As Shanti Dairiam pointed
out the CEDAW Convention secured a normative framework of substantive equality for women. This has been re-emphasised with all relevant examples of CEDAW General Recommendations and Concluding Observations in the CEDAW Commentary, Oxford University Press, 2012 and in my article on Gender and Democratic Citizenship – Confronting Traditionalism and Neo-liberalism: the Impact of CEDAW, Cardozo L. Rev., 10 International Journal of Constitutional Law 512 (2012).
It is of immediate importance to reassert women's universal human right to substantive equality. Other values such as equity, complementarity and human dignity allow interpretation which is consonant with traditional patriarchal values and does not secure equality for women, either in the public space or in the family. Equity, complementarity and human dignity can only be properly understood where they are well founded on women's right to equality and interpreted in accordance with women's universal right to equality.

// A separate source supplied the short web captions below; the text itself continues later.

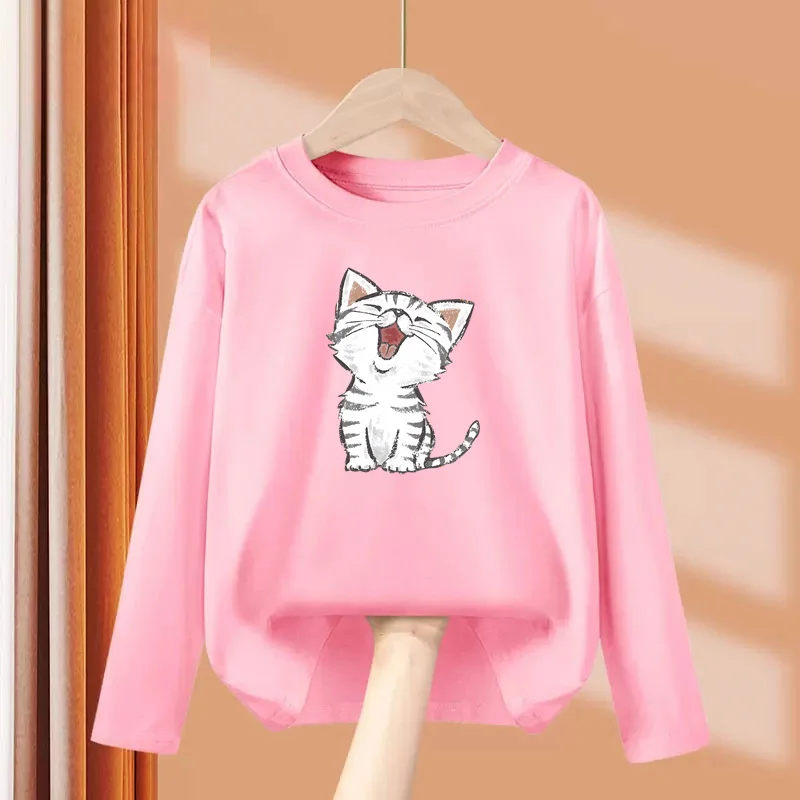 Frühlings- und Herbst-T-Shirt für Kinder Niedliches Kätzchen-Design Oberteile Langärmelige Baumwollkleidung für Mädchen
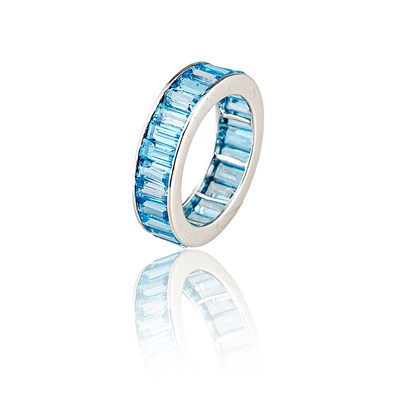 Lot 168 - Gold Eternity Ring with Blue Topaz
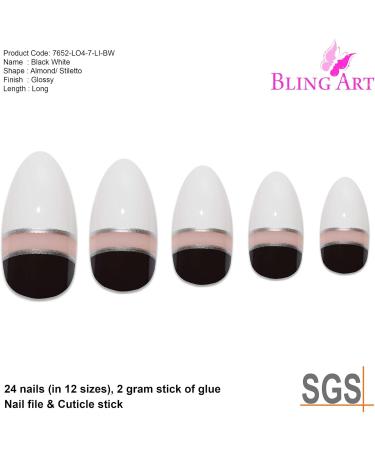 Bling Art Almond False Nails Fake Stiletto Gel Glitter Glossy Acrylic Long 24 Tips Glue (Black White Glossy) - Buy Online on GoSupps.com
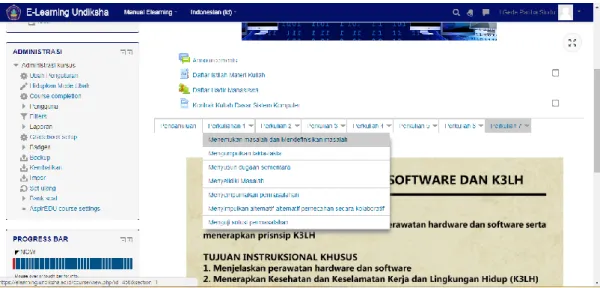 Gambar 3. Halaman Perkuliahan dengan sintaks Problem Based Learning  Halaman  perkuliahan  terdapat  daftar  istilah 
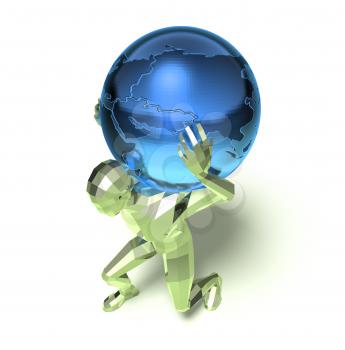 Royalty Free 3d Clipart Image of a Man Carrying a Blue Globe on His Back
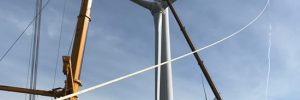 Crane Working on Wind Turbine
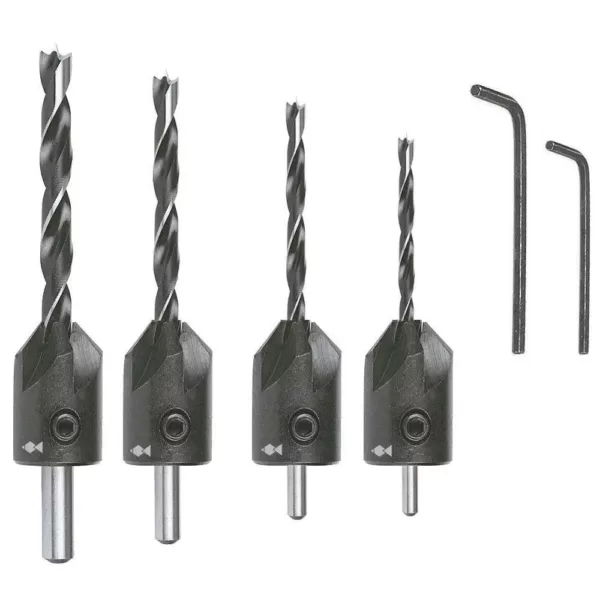 Fisch 1/8 in. Steel Countersink and Drill Bit Combination Set (6-Piece)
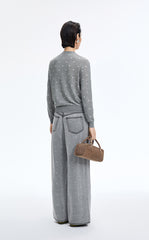 Sweater / JNBY Polka Dot Cropped Cotton Blend Cardigan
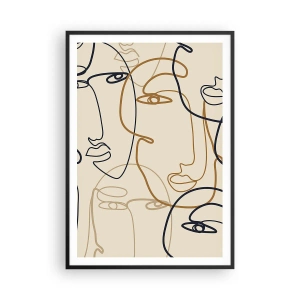 Pôster com moldura preta - Retrato multiplicado - 70x100 cm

The immediate relevance of this issue is evident in the resolutions, in 2010 and 2012, of the Human Rights Council to restore traditional values to the interpretation of international human rights. Furthermore, last Friday the Human Rights Council adopted a resolution on the Protection of the Family.
This resolution on Protection of the Family fails to recognise the diversity of families or to include any reference to the right to equality within the family. The former problem regarding the failure to recognise diverse families was the chief concern expressed by those states which opposed the resolution or proposed amendments to it.
However, the second problem - the failure to assert the right to equality for family members within the family - seems to have passed under the radar of the opponents to the resolution.Since the 1948 UDHR and as later detailed in CEDAW article 16, human rights regulation of the family has recognised the individual rights of family members to equality within families: "equal rights as to marriage, during marriage and at its dissolution".The absence of an equality clause in the resolution threatens the loss of this essential fundamental right, especially for women and girl children. What women and girls must be guaranteed within the family is first and foremost equality.